So it is, I think, with human nature. I first became interested in the idea of humanist spirituality -- natural spirituality -- when I read Doug Muder's "Humanist Spirituality: Oxymoron or Authentic Path to Enlightenment". One of the topics he discusses is mindfulness among the Stoics: being aware of our thoughts and feelings and asking ourselves if these thoughts and feelings are doing us any good. I found this practice to be intriguing, and I took it up. I have found this practice of mindfulness to be quite helpful -- I no longer fixate on the things I used to, and a year of practice has molded me to possess a near-constant sense of peace. I'm not just interested in peace, though -- I want something active, something forceful: I want to keep the fountain of joy inside me that Marcus Aurelius wrote of bubbling up. What I mean by "tending the natural" is mental practices that bring this bubbling about. I'm not the only person who has noted a need for tending, or disciplined attention: I note that many philosophical and religious teachers have advocated mental discipline of some form or another, the Stoics and Buddhists being the most devoted examples.
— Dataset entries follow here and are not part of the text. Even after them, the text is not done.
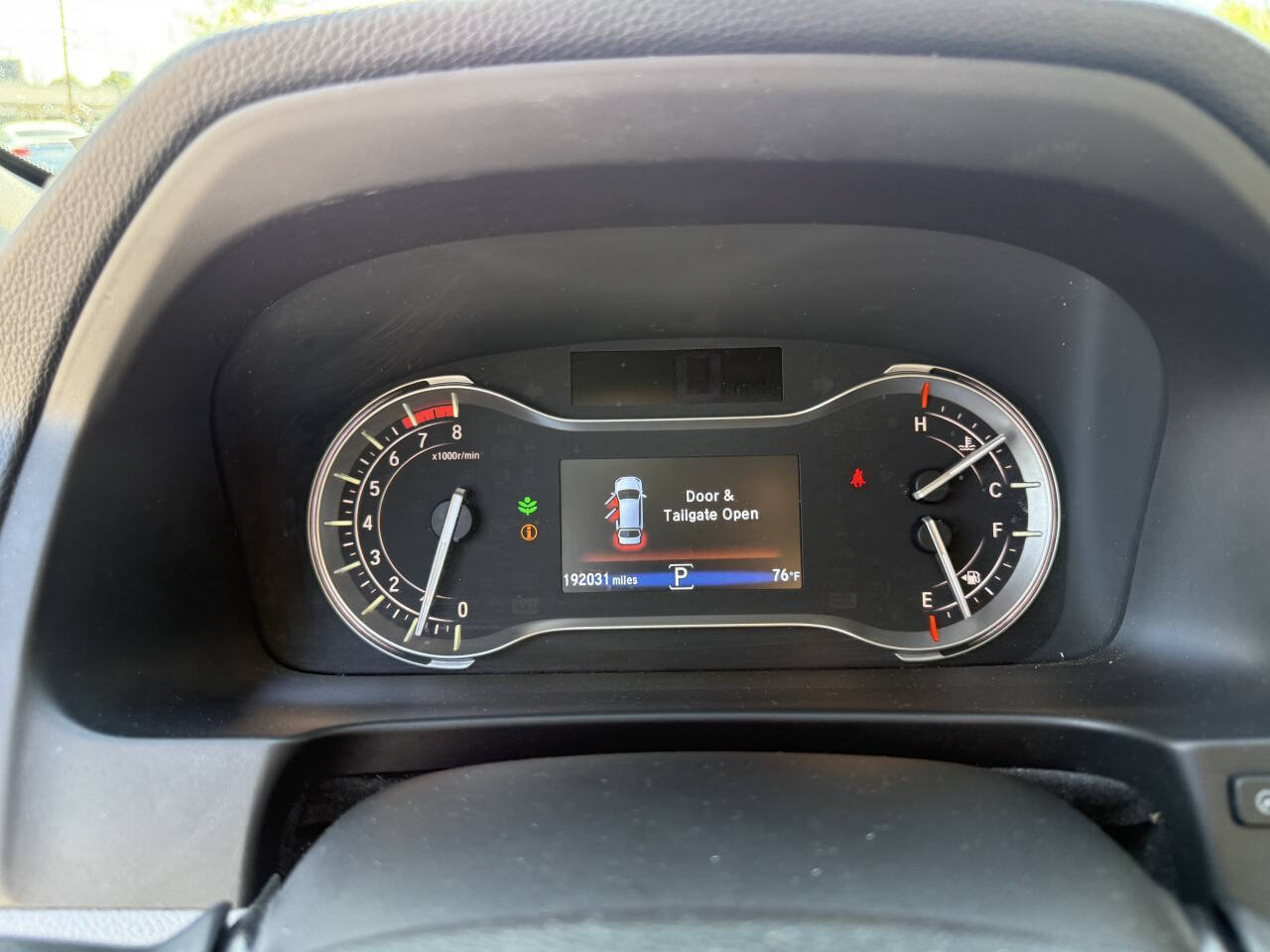 Used 2017 Honda Pilot EX-L image 17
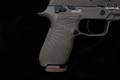 Sig Sauer P320 M17 9mm Luger Coyote Tan PVD in Very Good Condition Image 3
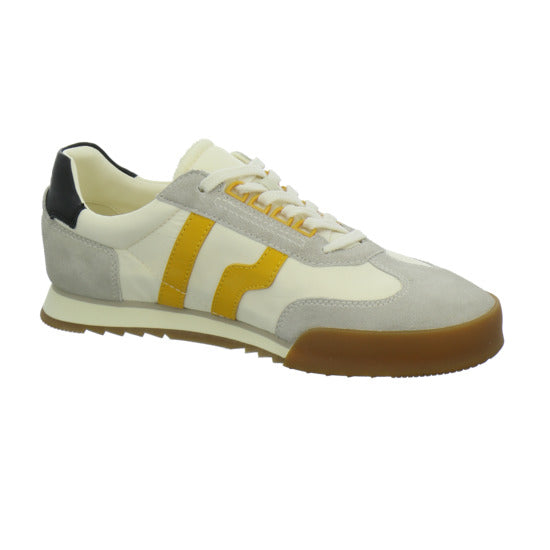 Gant Baylle Schnürhalbschuhe Beige-kombi - 360° Ansicht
A few modern teachers advocating mental discipline are the Dalai Lama, Rabbi Zelig Pliskin (an Orthox rabbi, interestingly enough), and the late M. Scott Peck. The point of mental discipline is twofold: being mindful helps us "weed" ourselves, allowing us to grow, while active forms of discipline attempt to manipulate growth in the direction of our choice. Both forms have the end of human happiness in mind.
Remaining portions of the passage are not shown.